* Data provided *
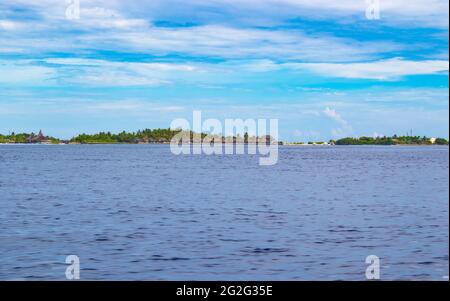 View of Villingillivaru island and Biyaadhoo or Biyadhoo- a circular ten-acre resort-island in South Malé Atoll,Kaafu Atoll ,Maldives.May 2021 Stock Photo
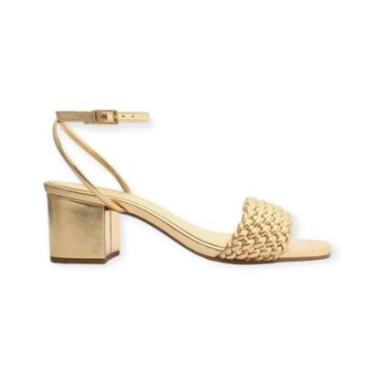 Imagem de Sandalia Feminina Arezzo Tira Larga Trançada Salto Medio Bloco Dourado-Feminino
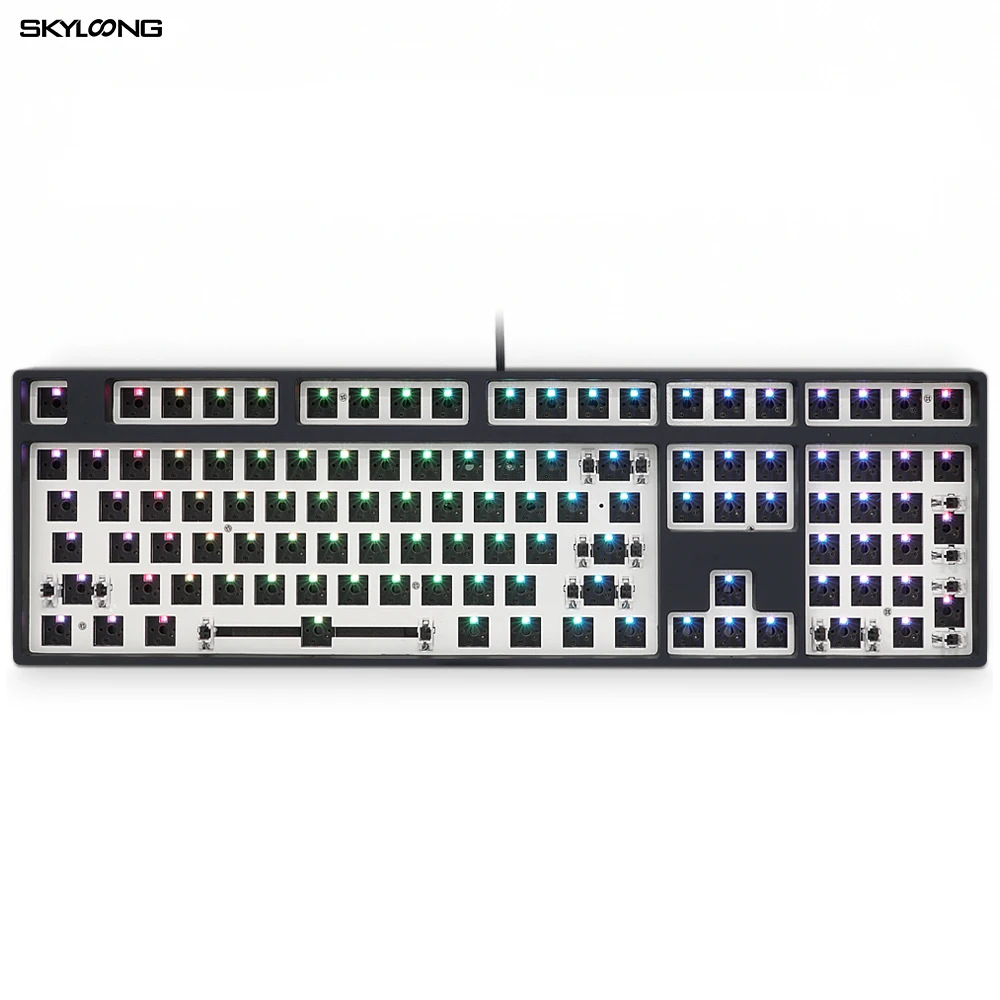 GK108 GK 108 hot swappable 100% Custom Mechanical Keyboard Kit support rgb switch led type c software balck white case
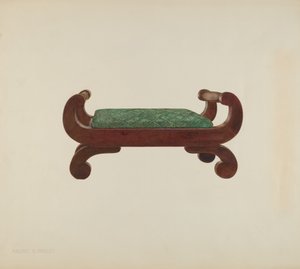 Banco de Pés - Mogno com Cobertura de Pêlo de Cavalo, c. 1939.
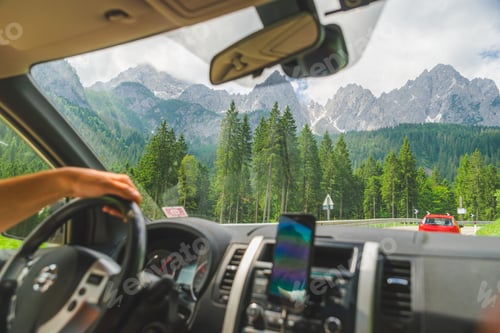 Preview: View From Car Inside Navigation On Phone Mountains On Background. Lifestyle.
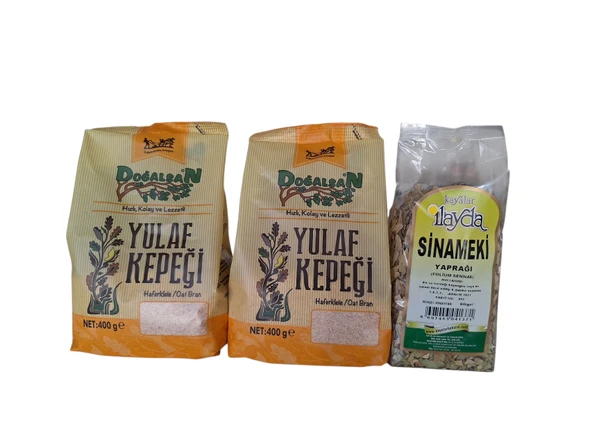Doğalsan yulaf kepeği 400 gr x 2 adet + sinameki yaprak 60 gr dukan seti - 1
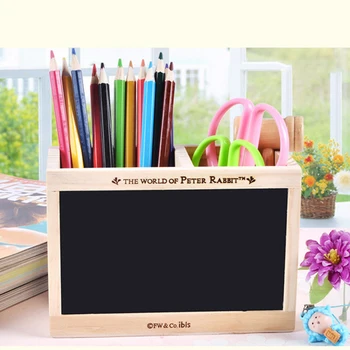 

Wooden Desktop Storage Box Office Tabletop Sundries Organization eco-friendly Stationery Box Pen Holder with Blackboard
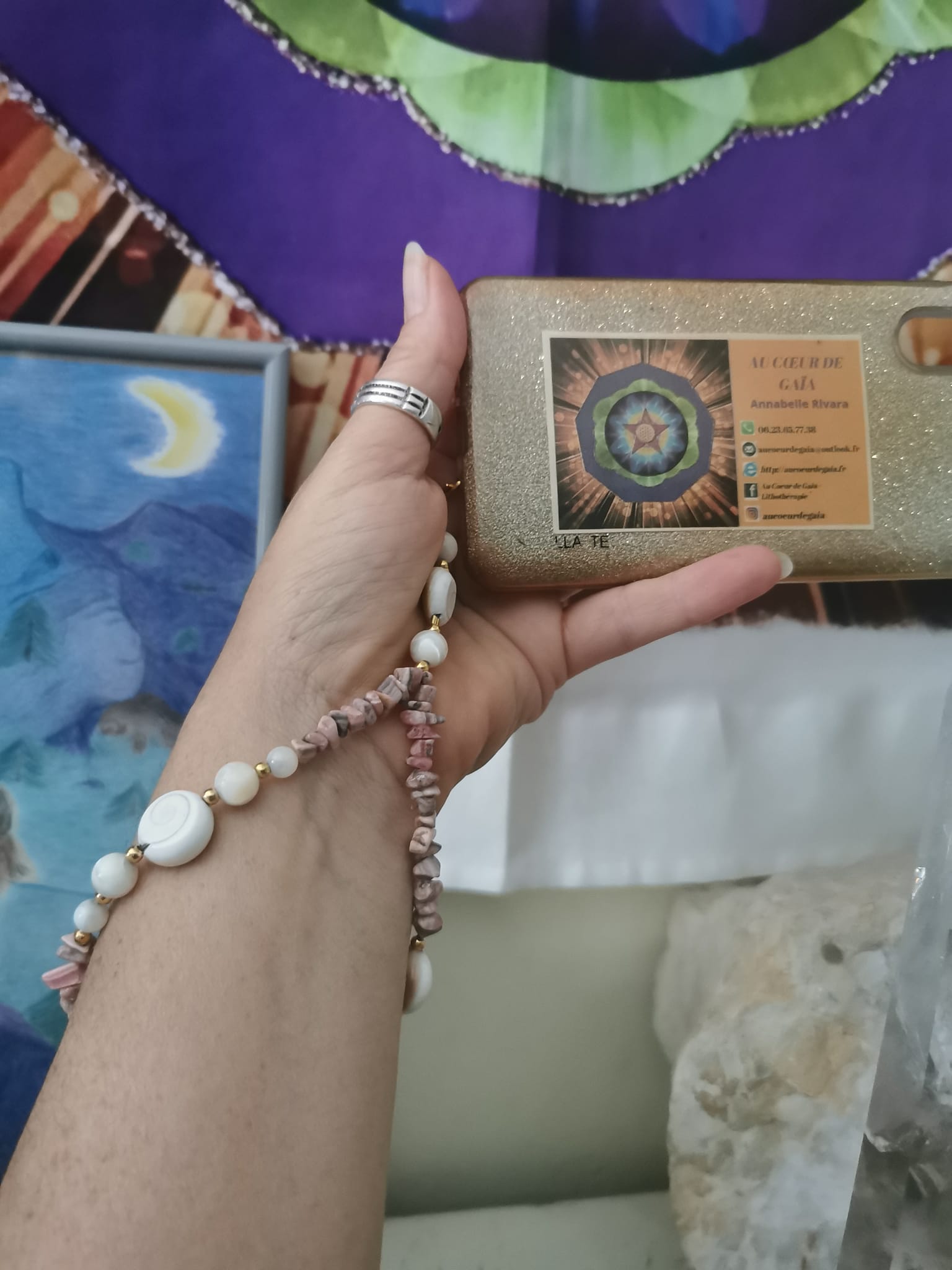 Bijoux de Portables Rhodochrosite oeil de st Luçie .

* Work request *
The lines above from the line with "Banco de Pés" through the line with "Wooden Desktop Storage" are to be given again word for word, with no pictures among them.

* Exercise answer *
 Banco de Pés - Mogno com Cobertura de Pêlo de Cavalo, c. 1939.
 Preview: View From Car Inside Navigation On Phone Mountains On Background. Lifestyle.
Doğalsan yulaf kepeği 400 gr x 2 adet + sinameki yaprak 60 gr dukan seti - 1

Wooden Desktop Storage Box Office Tabletop Sundries Organization eco-friendly Stationery Box Pen Holder with Blackboard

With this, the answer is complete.